🤖 AI Summary
This study addresses survival heterogeneity among hospitalized heart failure (HF) patients with COVID-19 in Lombardy, Italy. We propose a novel hierarchical mixture survival model that innovatively incorporates a shared frailty term to jointly disentangle patient-level latent subgroups—defined by clinical characteristics—and hospital-level random effects. By integrating local distributional modeling with random effects, the framework enables cluster-weighted inference. Parameter estimation under right-censoring is performed via two EM variants: the Classification EM (CEM) and Stochastic EM (SEM). Results identify clinically distinct patient subgroups with significantly divergent survival patterns, quantify respiratory status as a key prognostic factor, and—uniquely—systematically assess inter-hospital variation in clinical management efficacy for HF-COVID-19 patients. The findings provide empirical support for risk-stratified clinical decision-making and evidence-based allocation of healthcare resources.
📝 Abstract
This study investigates the heterogeneity in survival times among COVID-19 patients with Heart Failure (HF) hospitalized in the Lombardy region of Italy during the pandemic. To address this, we propose a novel mixture model for right-censored lifetime data that incorporates random effects and allows for local distributions of the explanatory variables. Our approach identifies latent clusters of patients while estimating component-specific covariate effects on survival, taking into account the hierarchical structure induced by the healthcare facility.

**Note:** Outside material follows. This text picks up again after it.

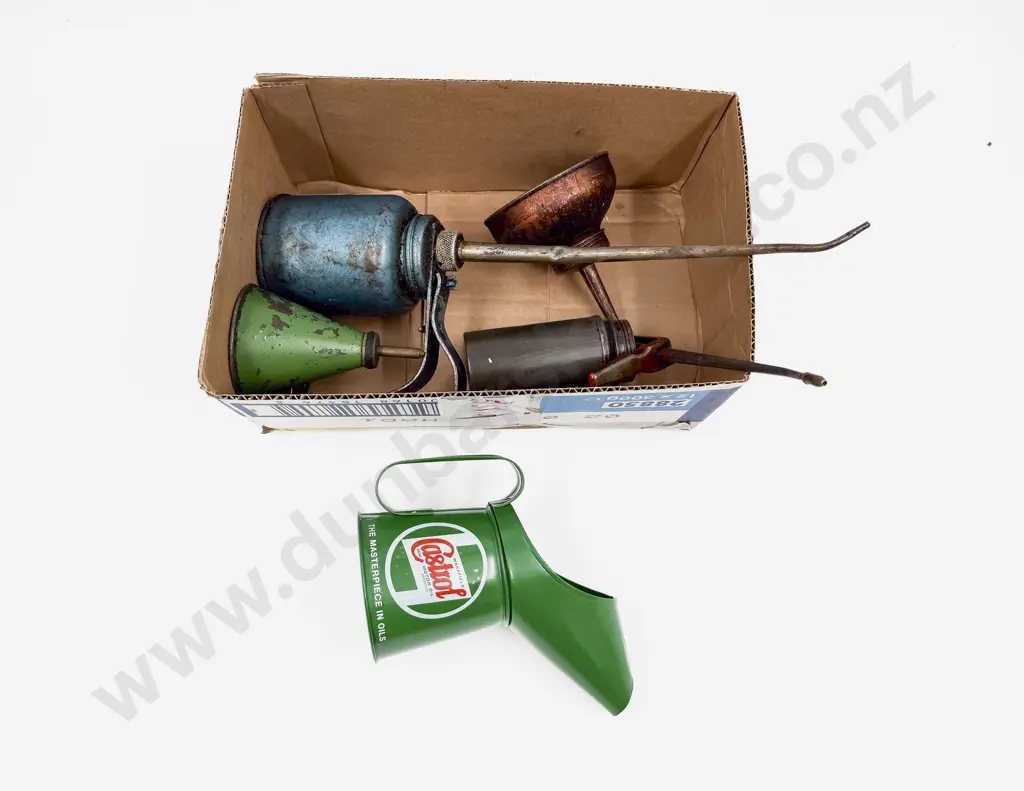 Five Small Oil Cans Image 1++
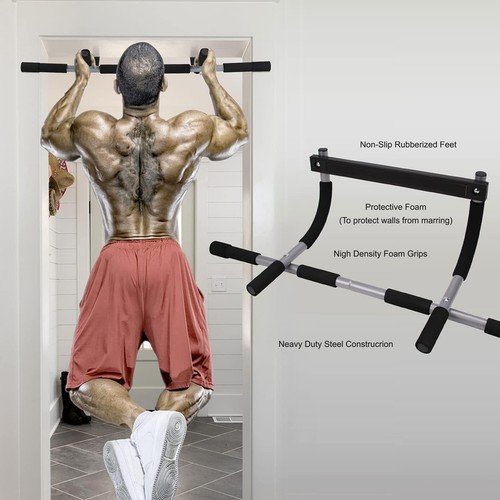 Doorway pull bar - doorway, up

Specifically, a shared frailty term, unique to each cluster, captures hospital-level variability enabling a twofold decoupling of survival heterogeneity across both clusters and hierarchies. Two EM-based algorithms, namely a Classification EM (CEM) and a Stochastic EM (SEM), are proposed for parameter estimation. The devised methodology effectively uncovers latent patient profiles, evaluates within-cluster hospital effects, and quantifies the impact of respiratory conditions on survival. Our findings provide new information on the complex interplay between the impacts of HF, COVID-19, and healthcare facilities on public health, highlighting the importance of personalized and context-sensitive clinical strategies.